During this period, the Minneapolis Fed's building became cramped. Employees were scattered throughout rented quarters in the New York Life Building and two other buildings. A building site at Fifth Street and Marquette was purchased, and Cass Gilbert, of New York, was selected to design a new Bank building, the first permanent building dedicated to Minneapolis Fed operations. Gilbert also designed the Minnesota State Capitol in St. Paul. See more about this Minneapolis Fed building and others.
The farm depression lingered in the Upper Midwest until 1927. Conditions improved, only to be reversed by the stock market crash in October 1929. Between 1929 and 1933 about 10,000 banks failed nationwide. In March 1933, President Roosevelt declared a bank holiday to assess the national monetary situation and develop a remedial plan. The Emergency Banking Act, passed on March 9, gave the executive branch control of the banks and authority to reopen banks in sound condition. Congress passed other banking acts, including the Banking Act of 1935, which changed the organization, structure and purpose of the Federal Reserve System. It replaced the dual roles of Agent and Governor with a President, to be elected by the Board of Directors and approved by the Board of Governors.

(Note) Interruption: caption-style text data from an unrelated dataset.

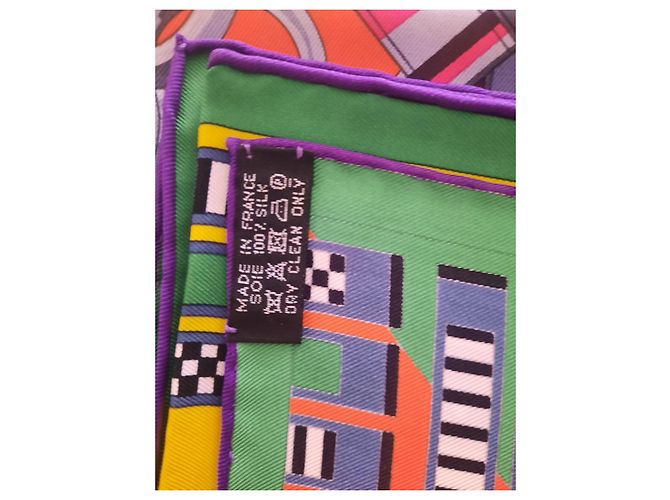 Hermès Schal/Quadrat mit dem Titel 'Brides et Gris Gris' Neu Mehrfarben - Ansicht 9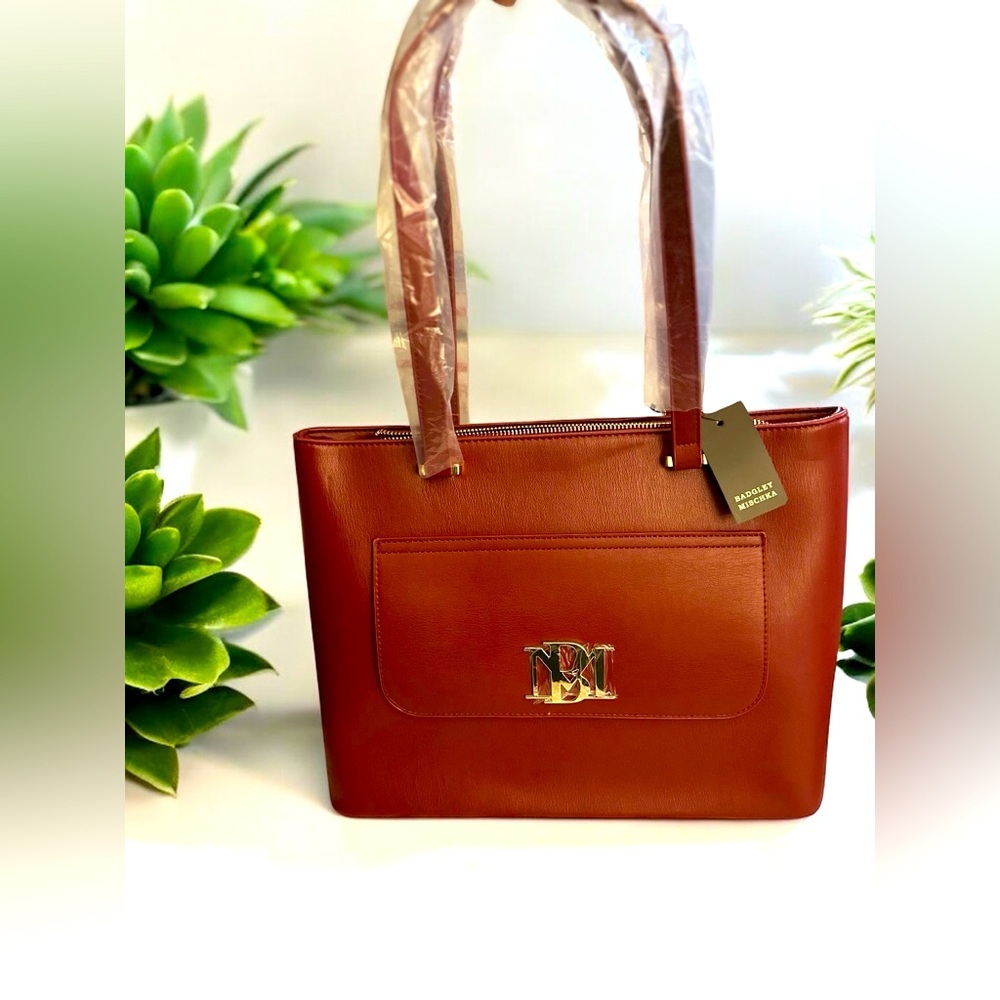 NWT Badgkey Mischka burgundy tote - Picture 3 of 12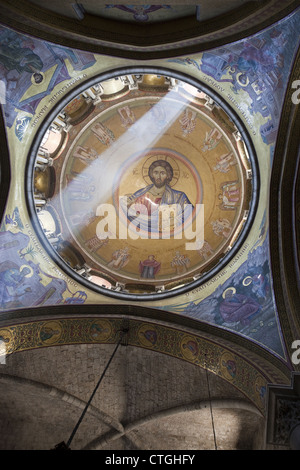 Cristo Pantocratore mosaico in una cupola della chiesa del Santo Sepolcro di Gerusalemme, Israele Foto Stock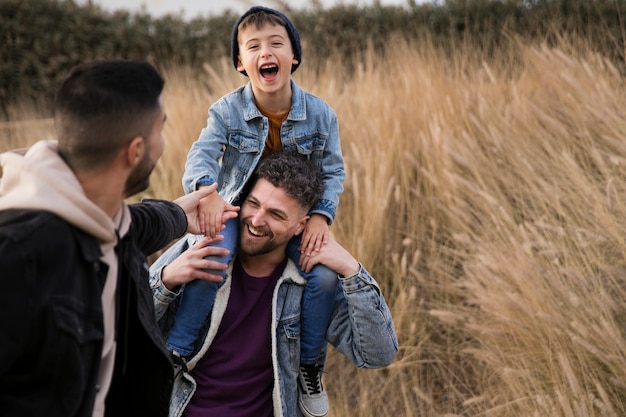 Foto medium shot gelukkige familieleden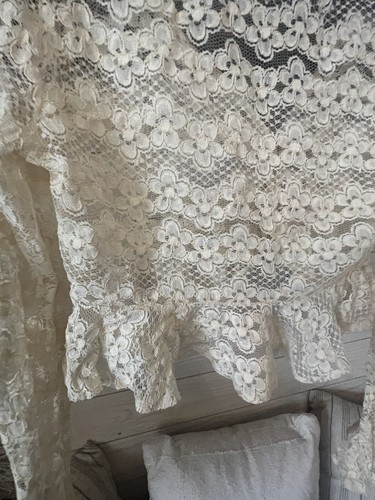 Cárdigan Bolero Margarita Vintage Encaje Volantes Blanco Hecho a Mano Años 60’s Boho Granny - Imagen 12 de 12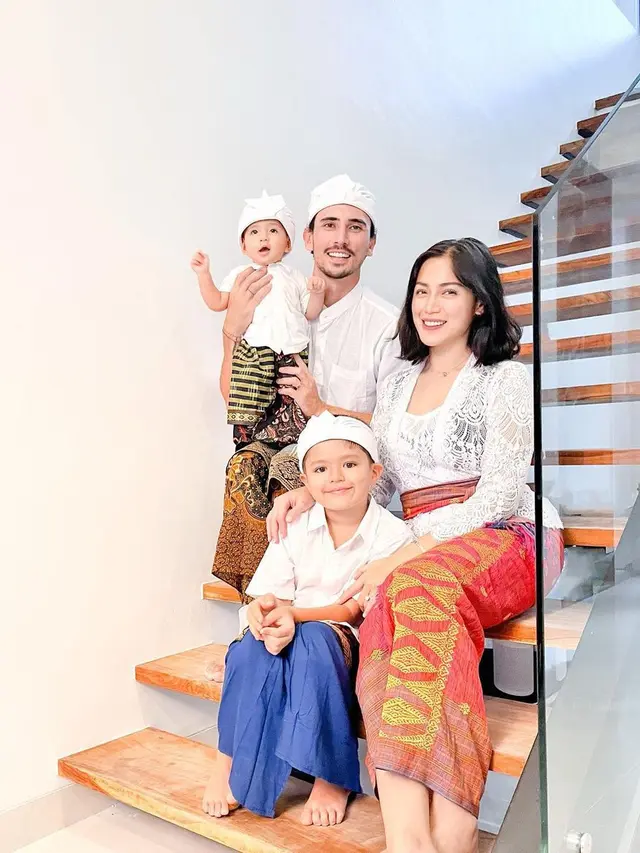 6 Potret Jessica Iskandar Pakai Kebaya Bali saat Acara Syukuran Rumah Baru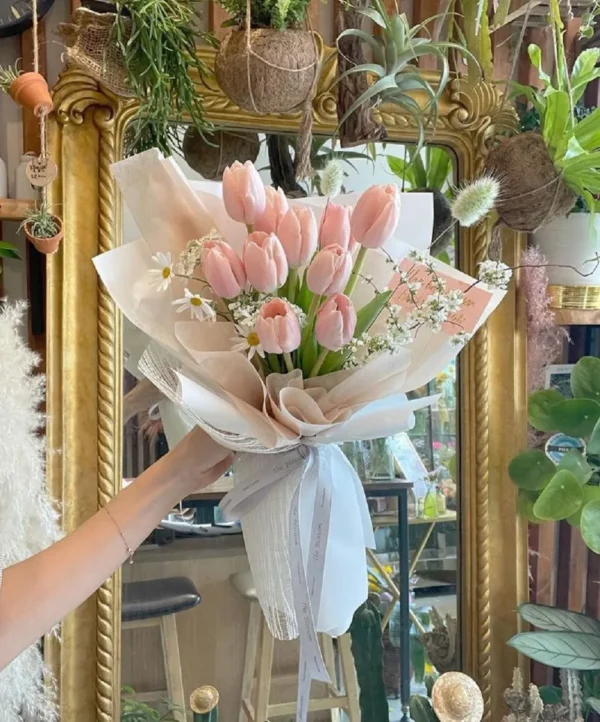 bó hoa tulip tặng sinh nhật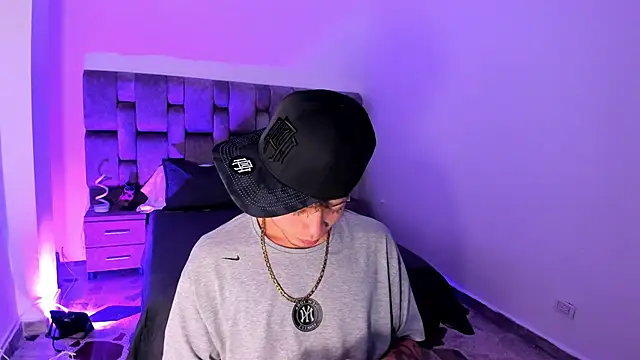 Snapshot of MarcusCollinss_ chatting on December 27, 6:20 pm MarcusCollinss online show from December 27, 6:20 pm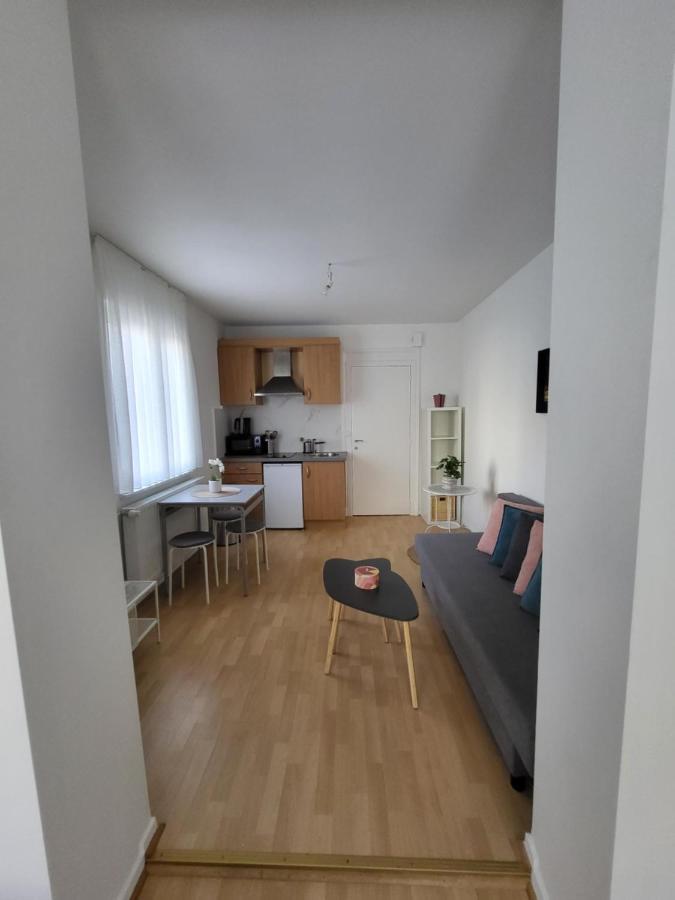 Studio Alicia, Idealement Situe Etterbeek Exterior foto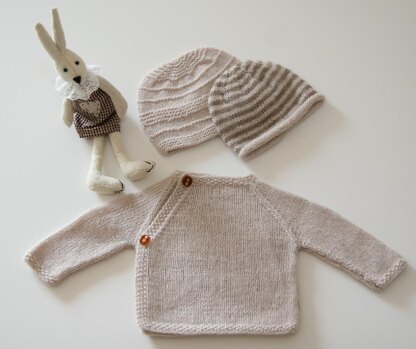 100% Cashmere Cache-coeur and two Baby Beanies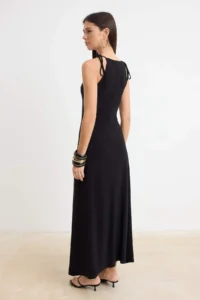 TRENDYOLMİLLA Black bodycon Cowl Neck Thin Sleeveless Sleeveless Maxi Flexible Knitting Dress - Image 4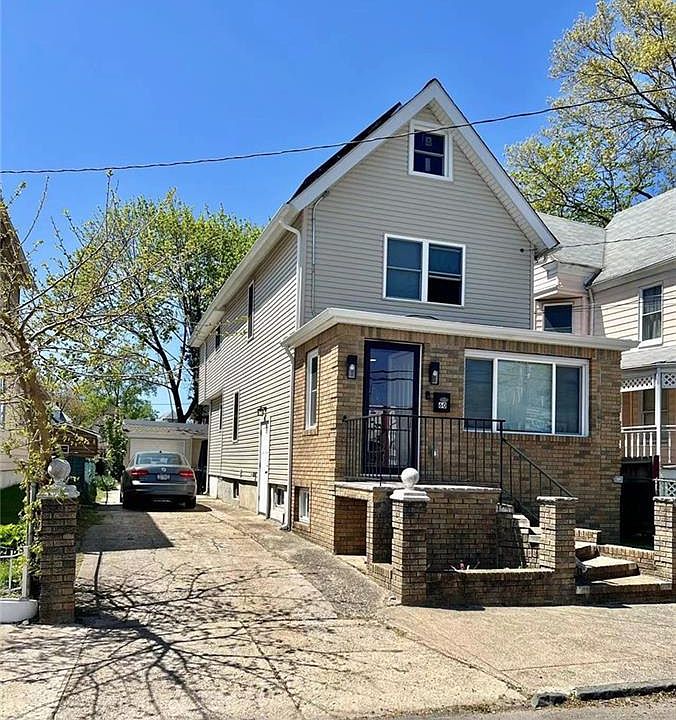 1st image of 60 Housman Ave
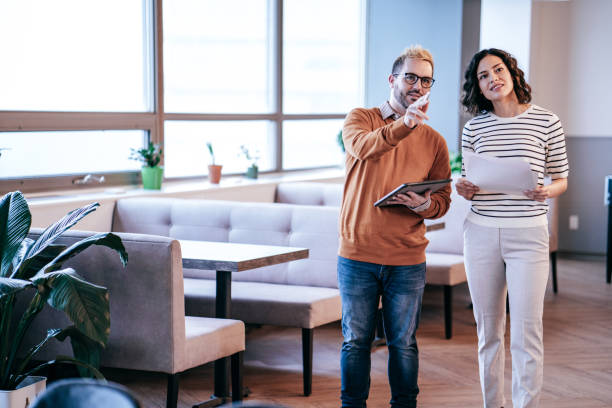 جذب فریلنسرها و حفظ آنها در فضاهای کار اشتراکی رشت از طریق سئو محلی و تجربه کاربری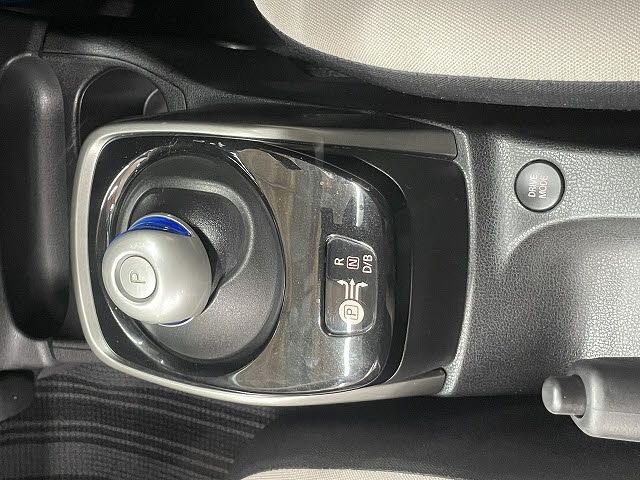 NISSAN NOTE 2017 Image 31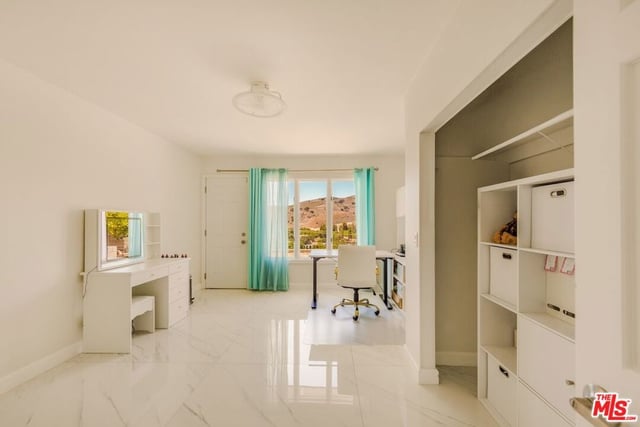 5703 Parkmor Road, Calabasas, CA 91302 — photo 15 of 50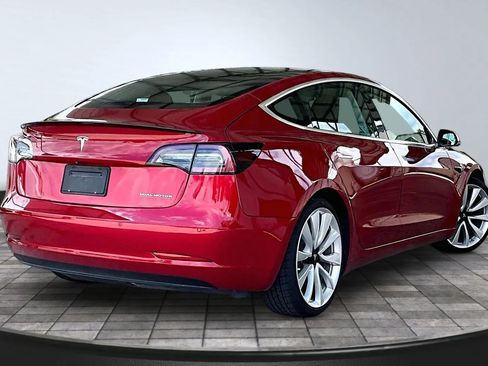 Used 2019 Tesla Model 3 AWD/4WD image 6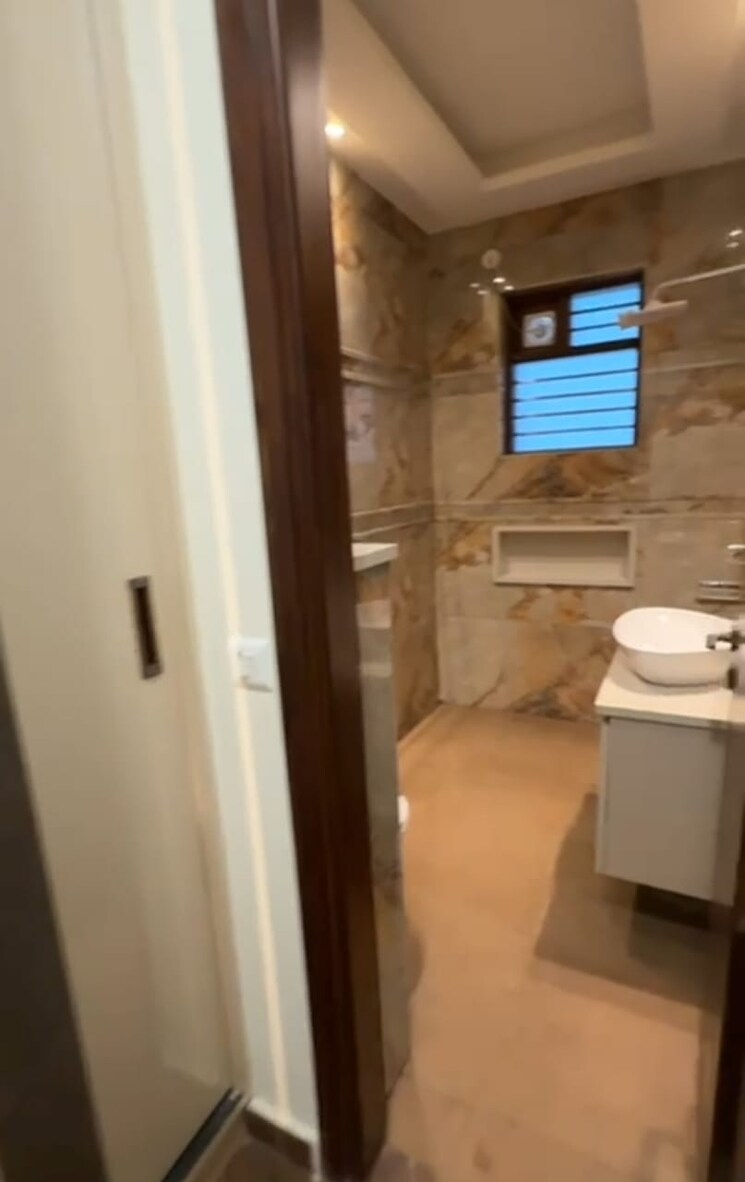 Bathroom, parklands 3 Bedroom 250 Sq.Yd. Builder Floor In Sector 85 Faridabad 8981528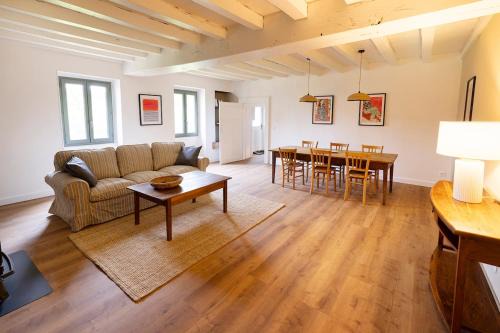 Archignat House | Maison du lac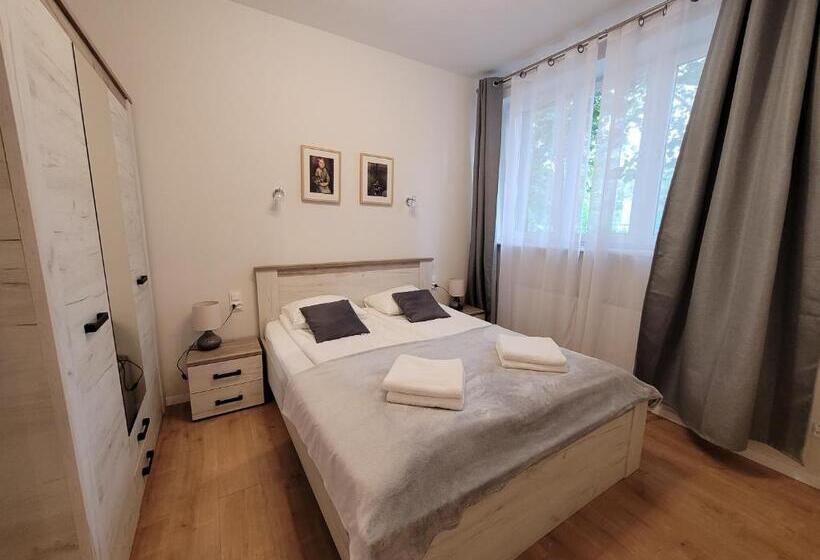 Old Town Residence Bis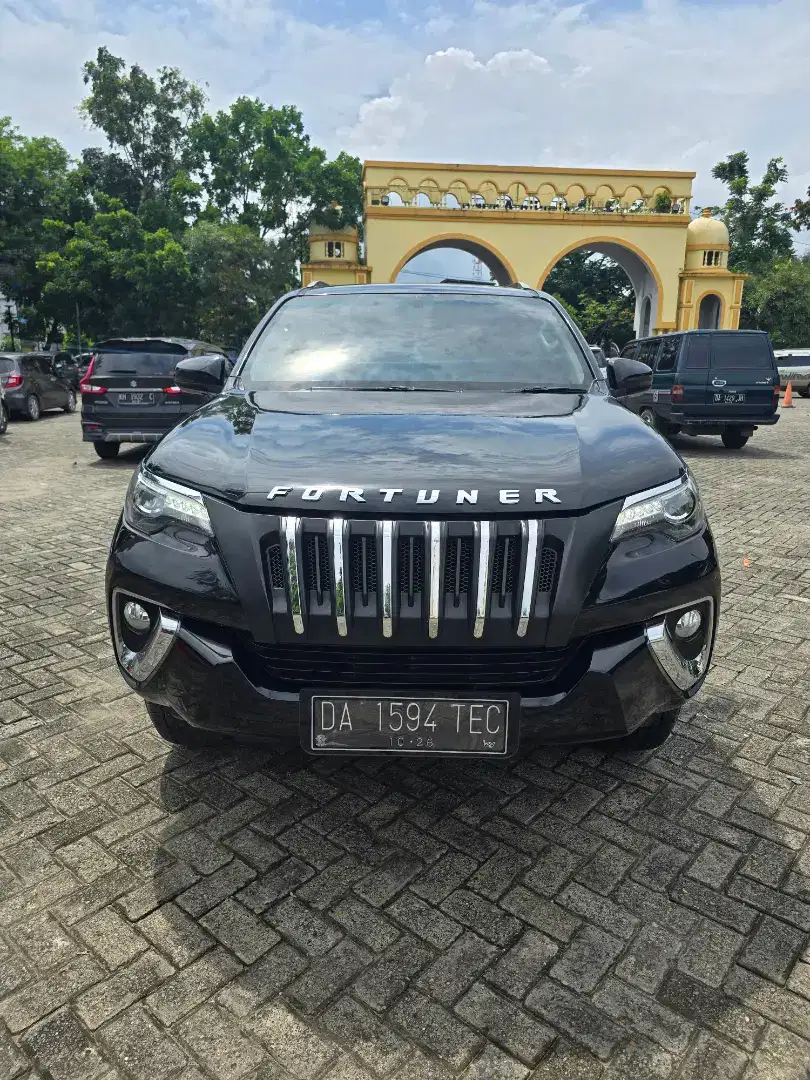 Toyota Fortuner SRZ 2.7 Bensin 2017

The United States was ushered into World War II on Dec. 7, 1941, with the bombing of Pearl Harbor. To finance the War, the Treasury Department issued securities that were sold to the public. As the Treasury's fiscal agent, the Federal Reserve Banks experienced a considerable increase in paperwork. By 1943, the number of employees at the Minneapolis Fed had soared to over 900.
The 1940s also marked a major change in the check collection process. In the early years, check clearing was a manual operation. In 1947, mechanical check sorters were introduced. These IBM Proof Machines automatically placed checks in appropriate compartments and computed totals.
A major change in the nation's banking system occurred with the passage in 1980 of the Depository Institutions Deregulation and Monetary Control Act. To comply with this act, the Fed had to price its financial services, establish reserve requirements for all eligible financial institutions and offer financial services to all depository institutions.
Substantial changes to the Federal Reserve’s role in the nation’s payment system continue as new technologies dictate greater efficiencies for financial institutions and consumers alike.
Since its inception in 1914, the Federal Reserve System has evolved from a passive institution designed primarily to prevent bank panics into an active promoter of overall monetary stability as well as a multi-faceted player in the financial services industry. As Seymour S. Cook, the first cashier of the Bank, said in a speech nearly 10 years after the opening of the Fed:
“What the future may have in store, no man can foretell, yet it is safe to assume that if men of equal ability, earnestness and loyalty continue to be selected as members of the Federal Reserve Board and as directors and officers of the Federal Reserve Banks and their branches; and that if wisdom and statesmanship are manifested in the halls of Congress, the Federal Reserve System will continue to serve the people of the United States and their government with the same efficiency and adaptability to changing conditions as it has done in the past.”